What is the best way to use the jump squat? Should it be used in the same session as a regular suats in place of? What % of 1rm? Do you do them like a plyo jump or do you reset yourself each time? How for down do you go? etc? Any feedback is appreciated.
I think it depends largely on what phase you are in, volume and type of other plyometric exercises you are doing and also the events you are targeting.
I find jump squats beneficial and do them after short speed/accel work as well as split runs.
An example of the order of intensity
4 x 60 meter lying start
3 x 30 meter standing start
3 sets of double leg bounds or sprint bounds or hurdle hops (bodyweight only)
3 sets of jump squats
2-3 sets powercleans * optional depending on how fried I am after the plyos/speed
2-3 sets front squats
2 sets snatch grip deads
hypers etc etc
Even though the workout listed doesn’t look all that bad it is a pretty intense workout and requires training to get used to the volume and intensity.
As for technique I load about 25-30% of 1RM (95 pounds) and typically do sets of 6 reps or less. I do not go deep (probably between an 1/8th and 1/4 squat and try to be as reactive and explosive as possible. Jump as high as you can while maintaining miminal ground contact. Usually technique and fatigue can set in even after only 3 reps. If it starts to feel slower during the set stop right away.
I hope this helps, there are many ways do approach jump squats.
Cheers,
Chris
I use them together with regular squats.
Either before or together - complexed with the squats, altenratings ets, 2-3 mins between each --> the jumpsquats go higher, the squats go faster.

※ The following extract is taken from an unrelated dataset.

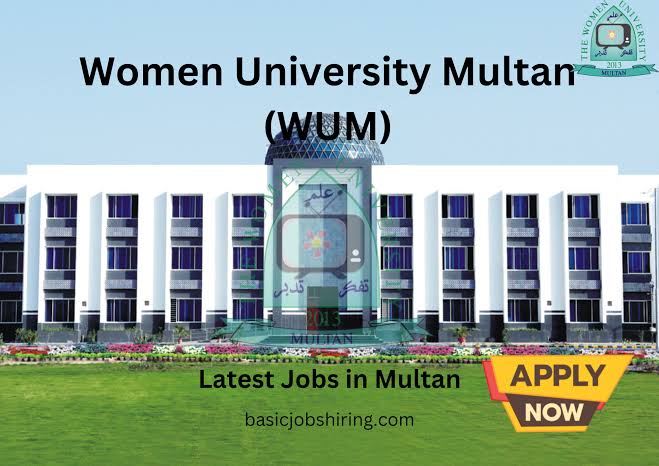 Women University Multan Jobs 2025 Online Apply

Don’t bother with % of 1RM, judge by how reactive you are when you do them, I rarely go over 45lbs. You want to be able to bounce up and down with ease. You could go heavier but that would train a different quality I think.
Poliquin says, 20% of a powersnatch, Russians say 20% of a limit Clean and Jerk, others say 15-20% or 30% of a squat —> er but what type of squat?
I say go by feel.
I do both rock bottom and regular quarter squat style - depending on what quality I’m trying to train. Rock bottom ones are easier on the knees with heavier weights.
Sometimes adding a 10 sec isometric hold at the start of set at the bottom of the jump squat in either style.
I never do more than 5 reps, 3 reps is the usual figure.
Again you can reset if want to train a different quality. Each and every variation can and should be used. cycle em and the loads used.